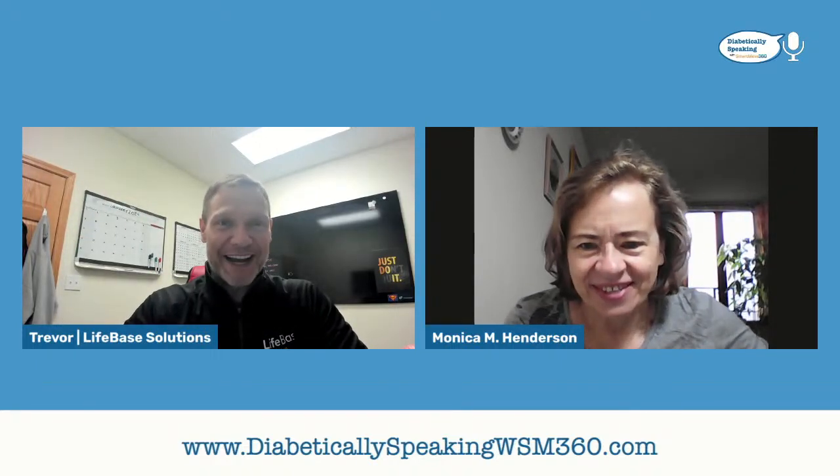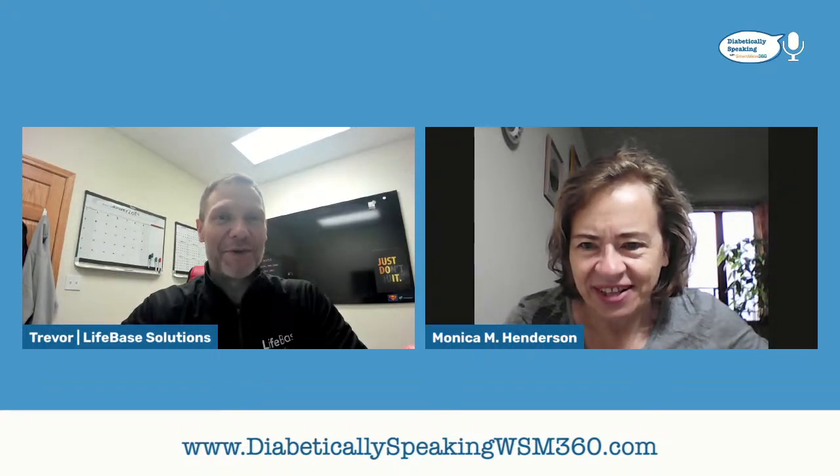Trevor here with LifeBase Solutions for Fitness Friday. Super excited to be here with you again today. We're going to dive right into things, not make this a super long video. We're going to do some fun stuff today. We're going to build a couple workouts. Then if you guys have questions or you'd like me to do some very specific things with movements, see if I can help out.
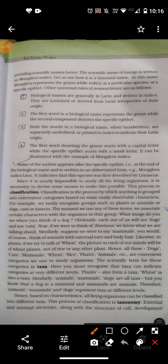Good morning to all of you, welcome to your next class. Today we will continue this topic — we are going to study diversity in the living world. Today we will study classification. In simple terms, classification means dividing organisms into different categories.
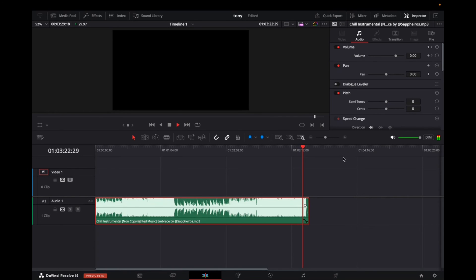See? And that's how you fade out without any issues in DaVinci Resolve 19. This method will always work because they're not getting rid of the Inspector tab. Okay guys, have a great day.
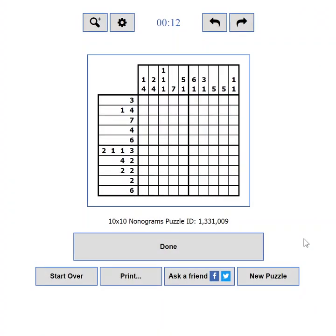This video is about how to make the most out of the user interface of puzzle-nonograms.com. Part 1: General Overview.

——————————

Task requirements: Retype the line containing "See? And that's" and all lines after it through the end of the material, exactly and only those, leaving out pictures.

Exercise solution:
See? And that's how you fade out without any issues in DaVinci Resolve 19. This method will always work because they're not getting rid of the Inspector tab. Okay guys, have a great day.
This video is about how to make the most out of the user interface of puzzle-nonograms.com. Part 1: General Overview.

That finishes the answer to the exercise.